The football season has started, the tennis season is approaching an end, and major league baseball, the only professional sport I enjoy watching, is approaching the playoffs. Today, comments on tennis and football.

Serena Williams disgraces herself and her country

At the U.S. Open, former champion Serena Williams, now 36, was defeated in the championship match in straight sets by 20-year-old Naomi Osaka. The younger player was dominate, and well mannered. Williams was outclassed and ill-mannered, smashing her racquet on the court and calling chair umpire Carlos Ramos, an honest man who calls the game by the book, a thief. She was slapped with three penalties, docked a point and docked a game, and fined $17,000, which was deducted from her second place prize of $1.8 million.

After Williams lost the match, the crowd booed Osaka, bringing her to tears. It was an ugly moment. But it was not a unique moment for Williams, not the first time she got herself crosswise with officials at the U.S. Open.

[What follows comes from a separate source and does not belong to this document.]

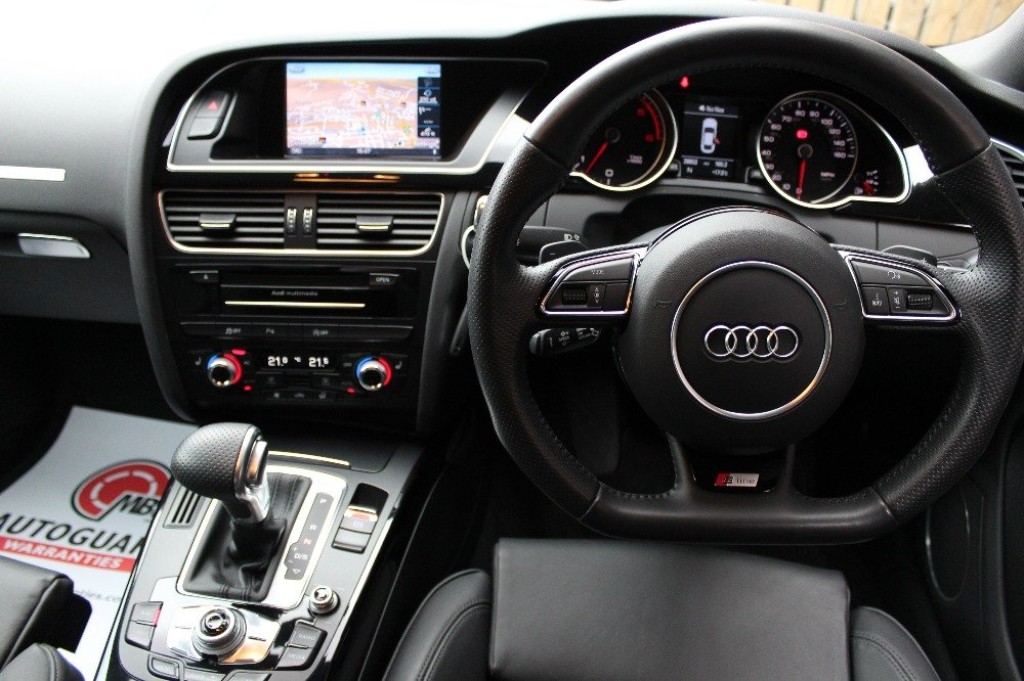 AUDI A5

After the match, she accused Ramos of being sexist, of assessing her penalties for misconduct to which he turns a blind eye when committed by men. She provided no proof to support that allegation, and seemed unaware she was defending herself by arguing that two wrongs make a right. Her selfish, shameful, behavior brought disgrace upon her self and her country, and took the joy out of what should have been an exultant moment for Osaka.

Some people are defending Williams. I can only conclude they approve of boorish behavior and believe that sports officials should not hold sports stars to the rules of the game.

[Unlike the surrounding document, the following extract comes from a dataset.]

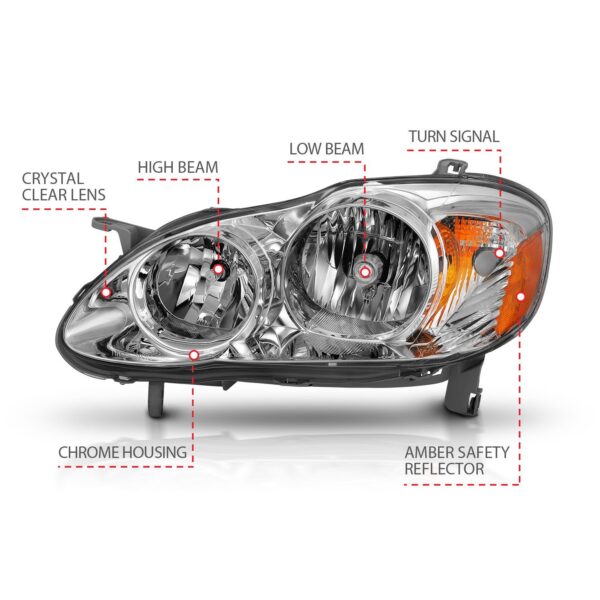 Crystal Headlights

Colin Kaepernick, Nike, and taking a knee

One of the many excesses of football is the overblown patriotic ceremony before the game. Even at high school games there’s a color guard, a marching band, and a stirring rendition of the national anthem. It’s a solemn ritual, designed to ready the crowd for the mayhem on the field. At college and professional games, the pageantry become richer and more flamboyant, with overflights by fighter jets, and seems like the windup to an announcement that “War bonds are on sale in the lobby.” Conformity is prized, nonconformity is noticed, and players who take a knee and train their eyes on the turf instead of the flag while the Star Spangled Banner is performed are noticed, and in some quarters, reviled.

Colin Kaepernick, a former quarterback with the San Francisco 49ers, began taking a knee during the national anthem to call attention to himself, and, in doing so, reports the New York Times, to “…protest against social injustice, especially the deaths of African-Americans at the hands of police.” That act of social conscience probably cost him his career in football.

It hasn’t cost him a decent income, as he recently entered a business arrangement with Nike, the sporting goods manufacturer, that doubtless will be lucrative for both parties.

How effectively his kneeling during the national anthem advances social change is another matter. To a good many people, President Trump among them, taking a knee during the national anthem is disrespectful and unAmerican. Perhaps Kaepernick has a list of demands he’d like met, a list of changes to make the nation better, but I’ve been unable to find them. He has a Twitter account, but Twitter is a headline service, nothing more. It’s as if having drawn the spotlight to himself, he’s been dazzled by it and doesn’t know what to do next.

He’d be wise to announce an organization to work on the issues he deems important, and to end the kneeling.

And football would be wise to retire the hypernationalistic nonesense that turns a sporting contest into a pep rally for war.